YOUR OBJECTIVE
Take the entries that follow and return only the lines from the one with "(PDF) THE GEOCHEMISTRY" through the final line, leaving every picture behind.

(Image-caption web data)
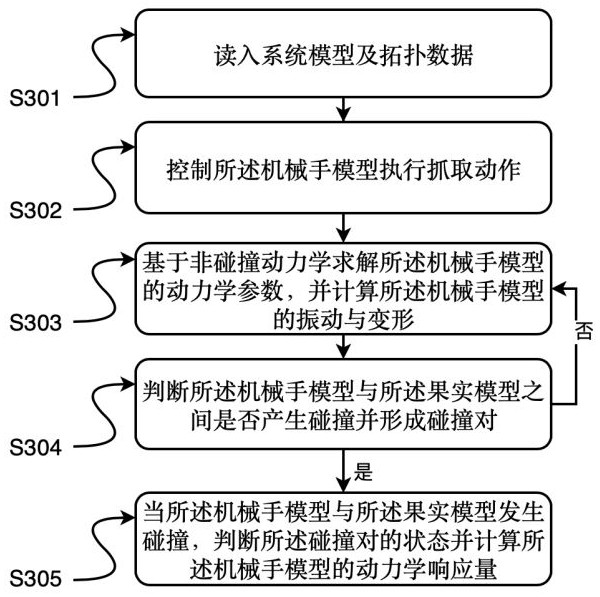 Contact dynamics simulation method and system for flexible multi-finger picking manipulator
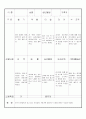 만3세 3월  유아 관찰 기록 18명 15페이지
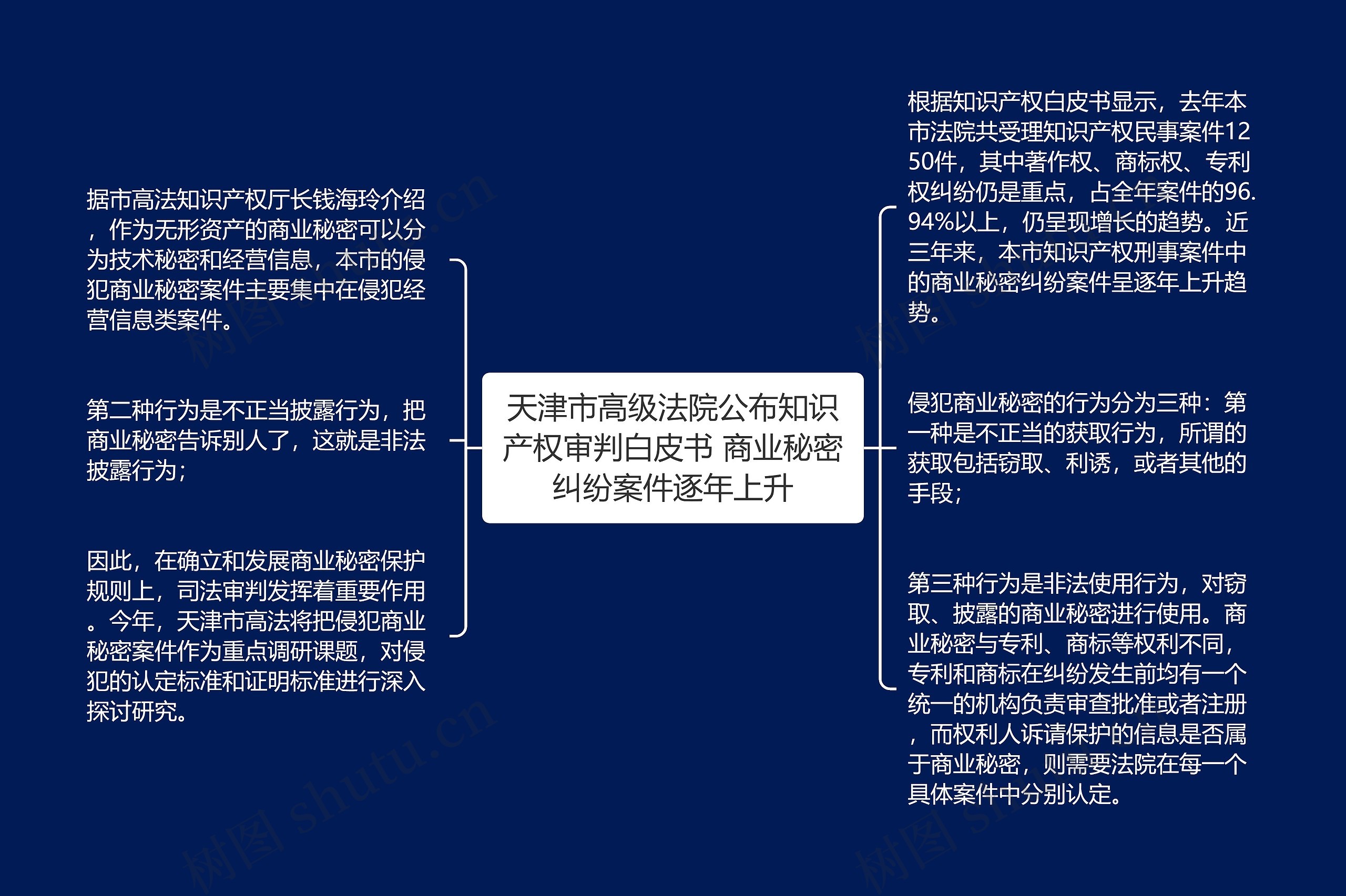天津市高级法院公布知识产权审判白皮书 商业秘密纠纷案件逐年上升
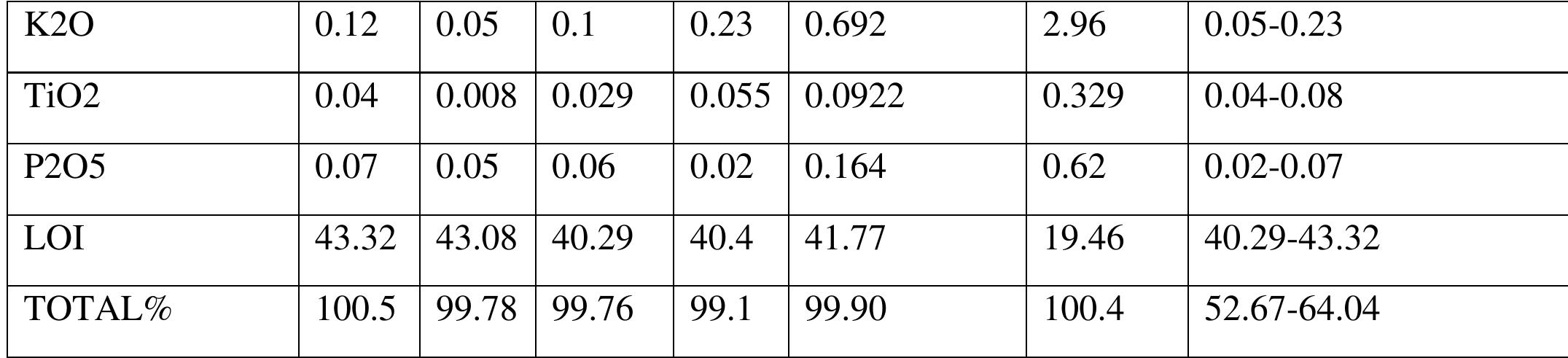 (PDF) THE GEOCHEMISTRY OF CARBONATE ROCKS IN IGWE IGARRA, SOUTHWESTERN ...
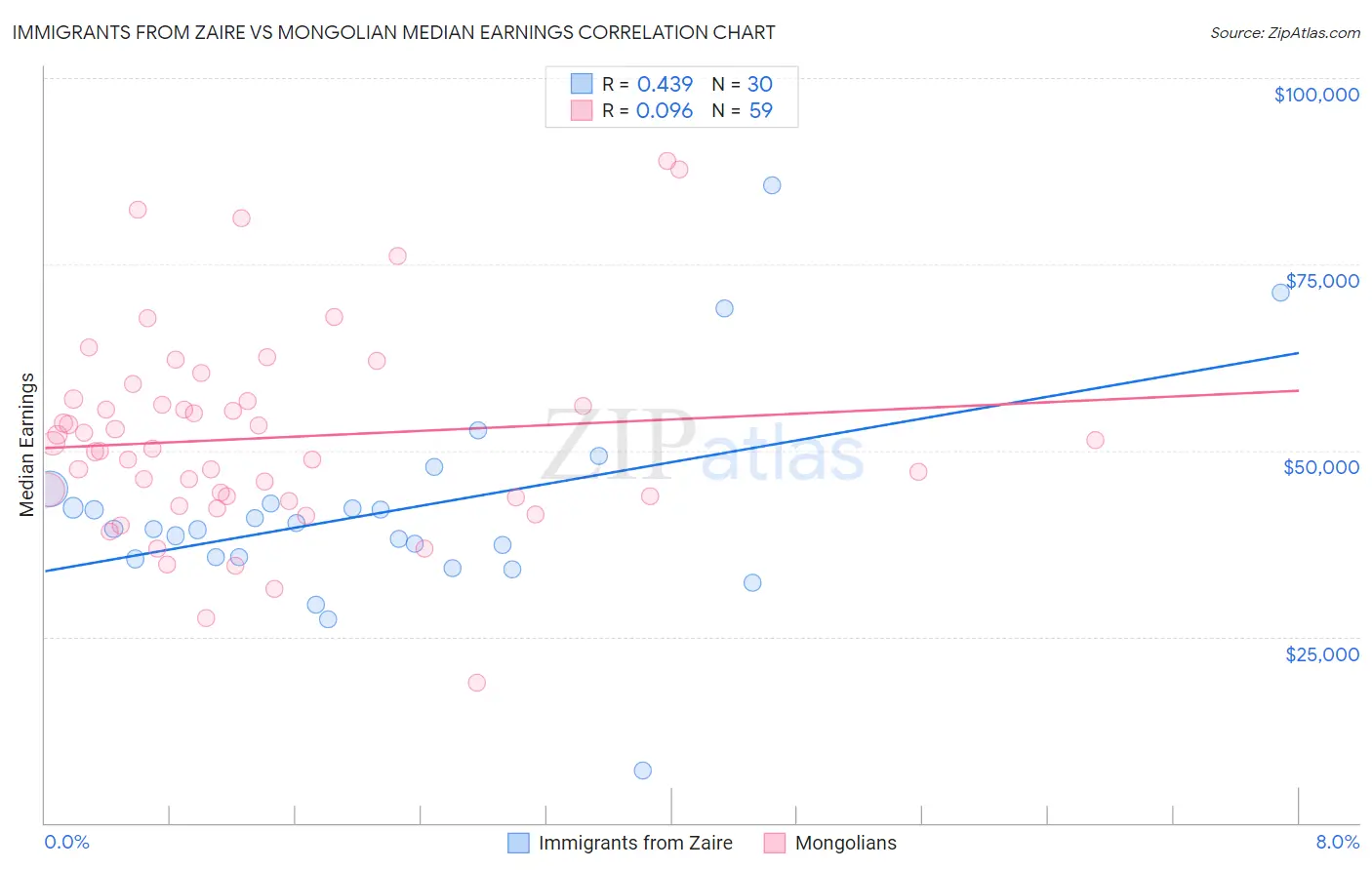 Immigrants from Zaire vs Mongolian Median Earnings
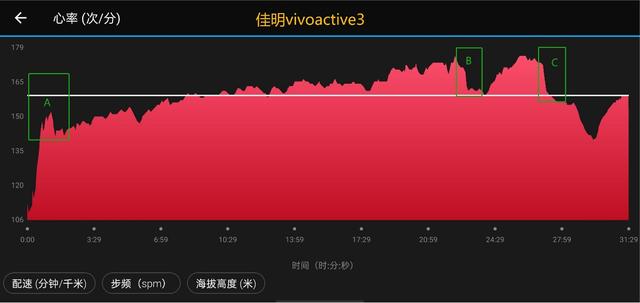 佳明、三星、华为、小米四款智能手表横评，谁才是跑步的最佳选择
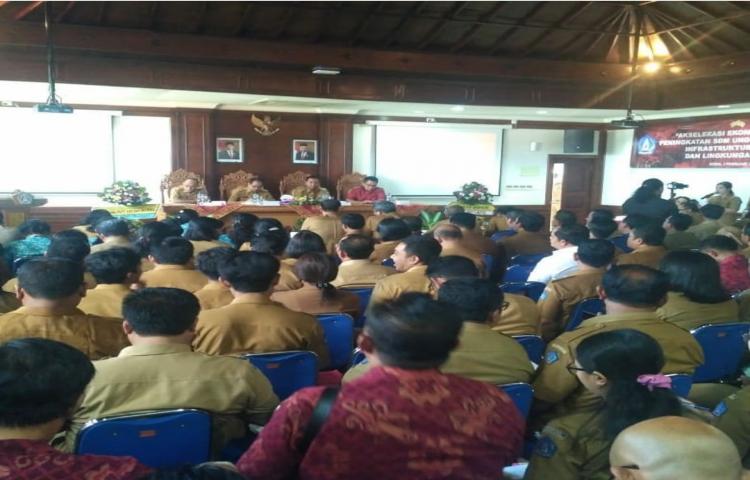 Musrenbang RKPD Kab.Badung di Kec. Kuta Selatan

RESPONSE AREA
 (PDF) THE GEOCHEMISTRY OF CARBONATE ROCKS IN IGWE IGARRA, SOUTHWESTERN ...
 Immigrants from Zaire vs Mongolian Median Earnings
 佳明、三星、华为、小米四款智能手表横评，谁才是跑步的最佳选择
 Musrenbang RKPD Kab.Badung di Kec. Kuta Selatan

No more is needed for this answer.